Updated on September 11, 2018.
Note: Special thanks to Joe Mako who suggested this approach.
Overview
I’m fortunate that when I work with survey data that is not well-coded I can take out my trusty copy of Tableau Prep, EasyMoprh, or Alteryx Designer and get my data “just so.”
But what if you don’t have a copy of one of these data prep tools? Or what if you want to use Qualtrics’ or SurveyMonkey’s Web Data Connector and don’t have the ability to insert a data prep tool within your workflow?
In this blog post we’ll see how you can get Tableau to address the problem. Specifically, we’ll see how to work with check-all-that-apply questions where the data has been coded as 1s and blanks instead of 1s and 0s.
So, What’s Wrong with Blanks?
Consider the data snippet below that shows responses to a group of check-all-that-apply questions. This is what I consider to be badly-coded data.
Now here’s how I would prefer the data to be coded.
So, why is this better?
By having 1s and 0s we can see, easily, if some respondents didn’t answer the question group at all. In the figure below, we can see that respondents 15 and 29 did not make any selection for any of the check-all-that-apply questions. More importantly, with data coded with 1s and 0s, Tableau can just filter out the Nulls and we’ll get accurate results.
So, given our constraints, how are we going to come up with a way to distinguish between a blank that means a respondent didn’t select a particular option and a blank that, when combined with the other related blanks, means the person didn’t respond to the group of questions at all?
Before going any further, note that there’s no way we’re going to deal with the data in this wide format. That is, instead of the data looking like it does in the previous example, the data will instead look like this.
If this format is foreign to you, stop reading this now and have a look at Getting Survey Data “Just So.”
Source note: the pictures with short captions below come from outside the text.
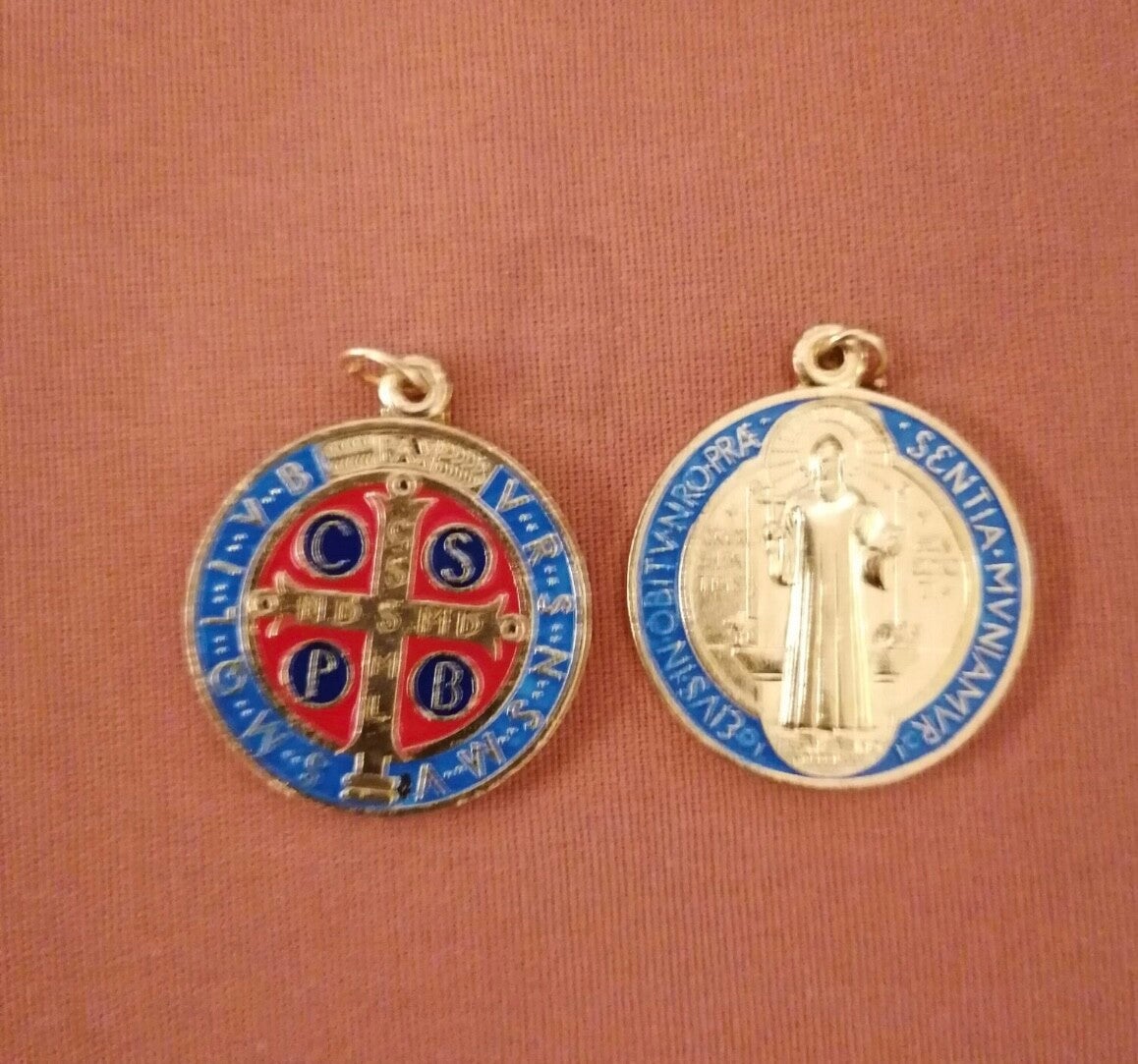 Medalla de San Benito en Color – Protección y Tradición Esmaltada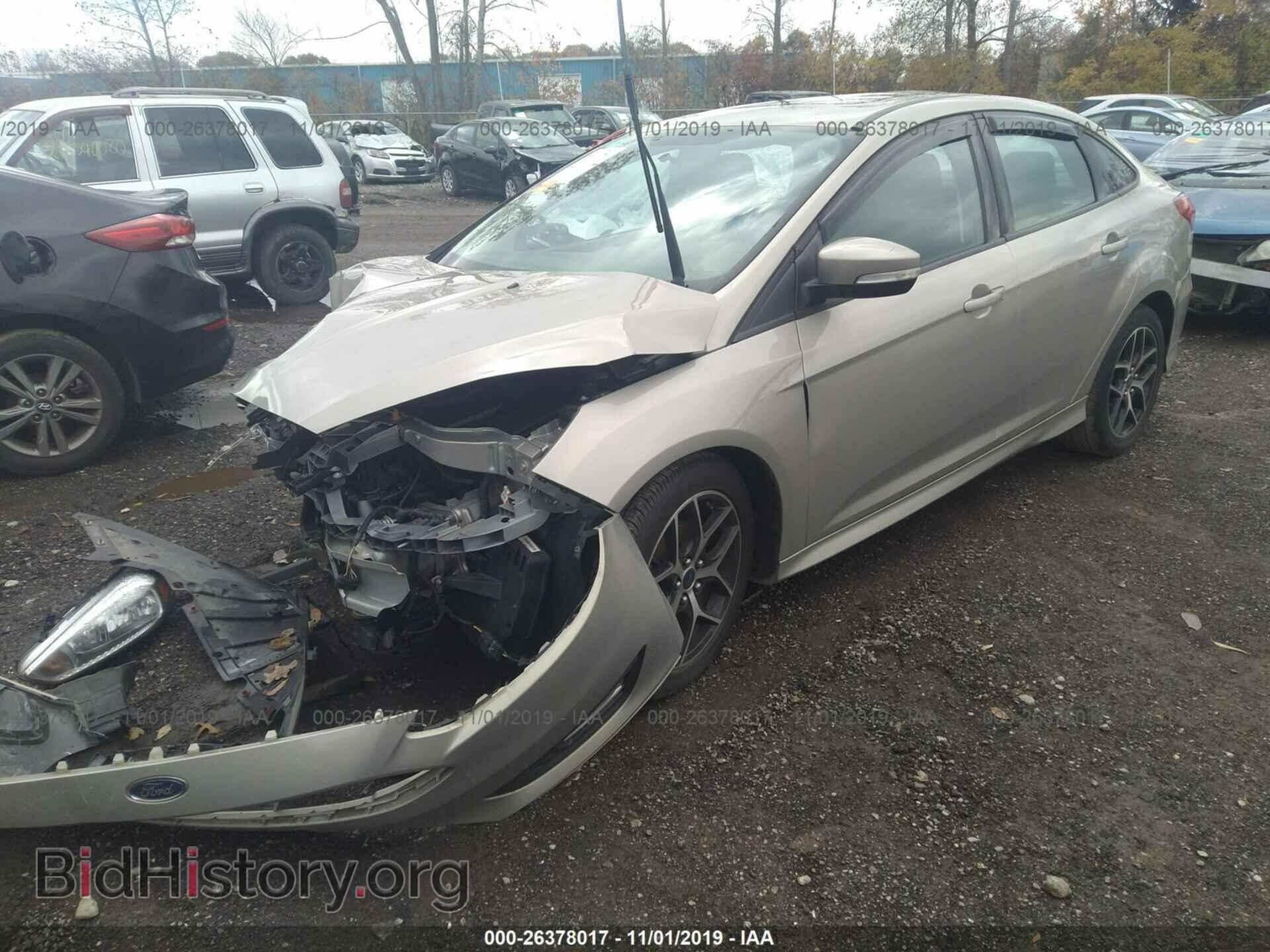 2016 Ford Focus - VIN: 1FADP3F20GL224701 - Photo 2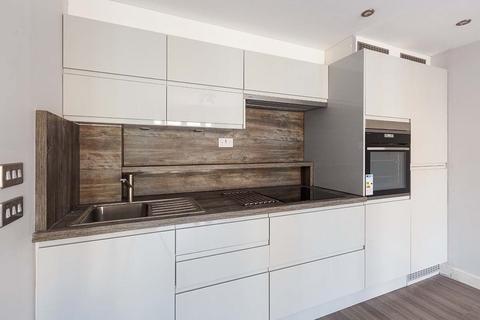 1 bedroom flat to rent, Phoenix Court, Northfleet DA11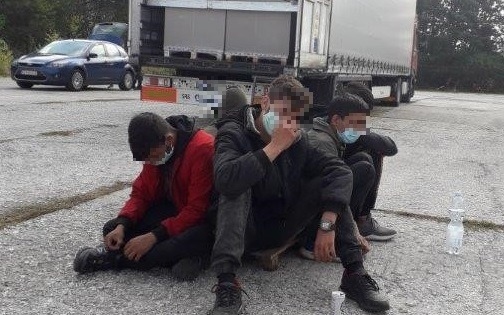 Menekülés a háború elől: hat afgán kiskorút találtak egy szerb kamionban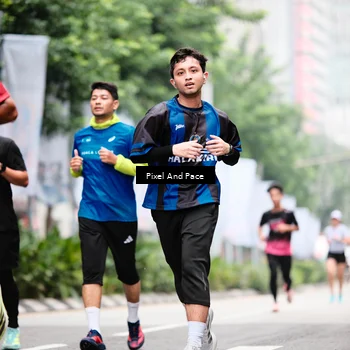 Runner Photo 8609414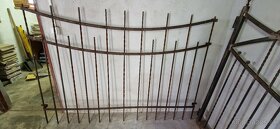 Kovaná brána, bránka a plotové dielce - 6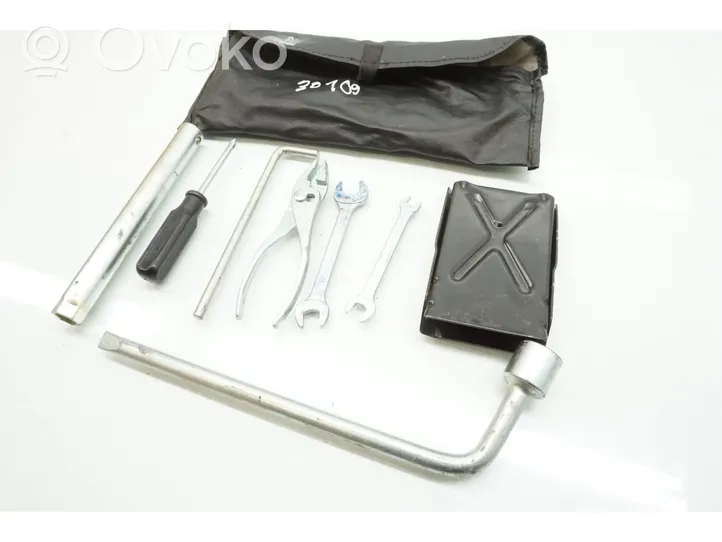 Seat Ibiza IV (6J,6P) Kit d’outils 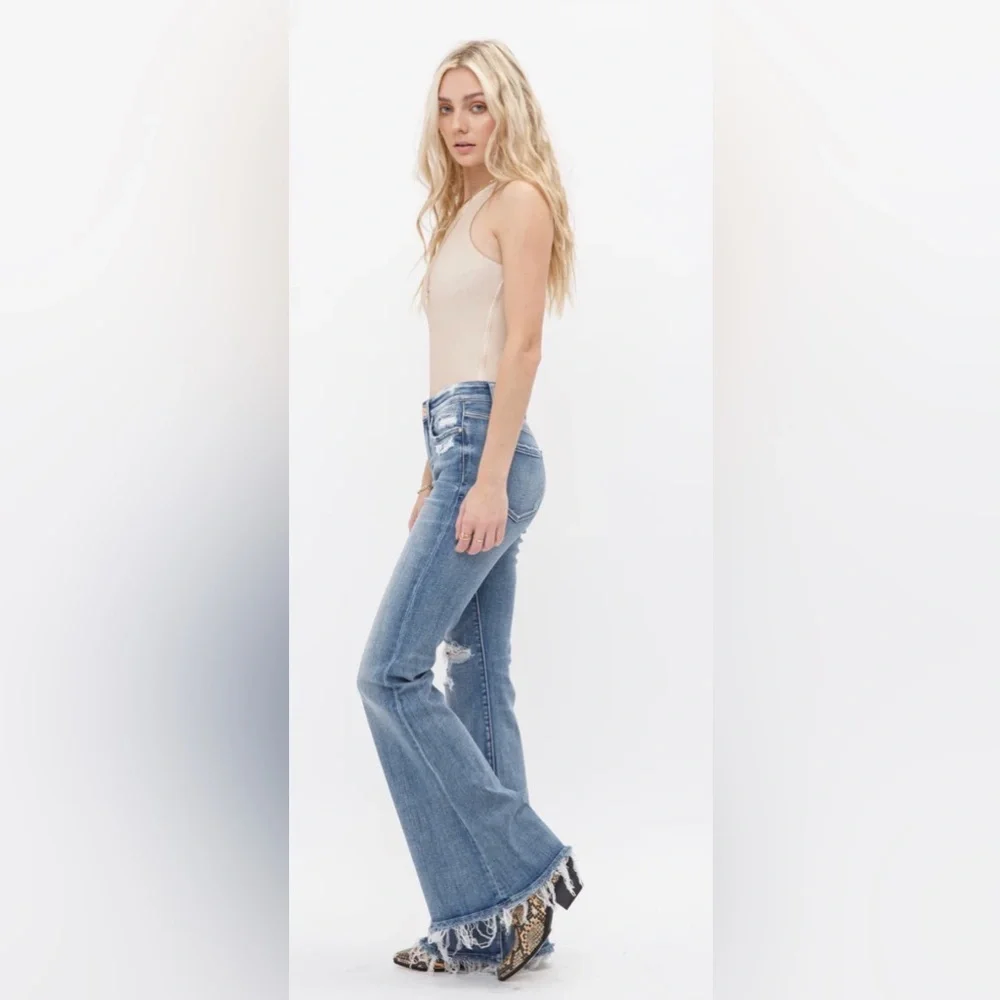 Mica mid rise flared distressed jean - Picture 2 of 8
So, with this tall format in mind, and the ability to easily indicate that you just want to look at a group of questions, let’s see how we can get a handle on who among the respondents selected something.
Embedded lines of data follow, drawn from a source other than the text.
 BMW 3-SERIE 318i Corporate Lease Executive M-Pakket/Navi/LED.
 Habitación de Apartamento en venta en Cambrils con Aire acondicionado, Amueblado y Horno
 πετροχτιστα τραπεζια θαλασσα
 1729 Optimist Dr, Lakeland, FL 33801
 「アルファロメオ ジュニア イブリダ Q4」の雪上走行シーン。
NOTE: Qualtrics does in fact have a setting that will allow you to download the data in a more Tableau-friendly format. Look for these settings for both the text and numeric downloads:
How Many Things Did Each Respondent Select?
Consider the visualization below which shows the SUM([Value)]) for each Resp ID where [Value] can be 1, 0, or blank (null). Note that we have a filter set so we only see the responses to the group of related check-all-that-apply questions.
We can filter the results so that we only see respondents that answered a question by dragging [Value] to the Filters shelf, selecting All Values, and indicating that we should show non-null values.Note that when we do this we see that only 342 responded to this group of questions, as shown below.
Okay, this is great, but the visualization we want to create shouldn’t look anything like this. Indeed, we have too many things on the level of detail at this point.So what are we going to do?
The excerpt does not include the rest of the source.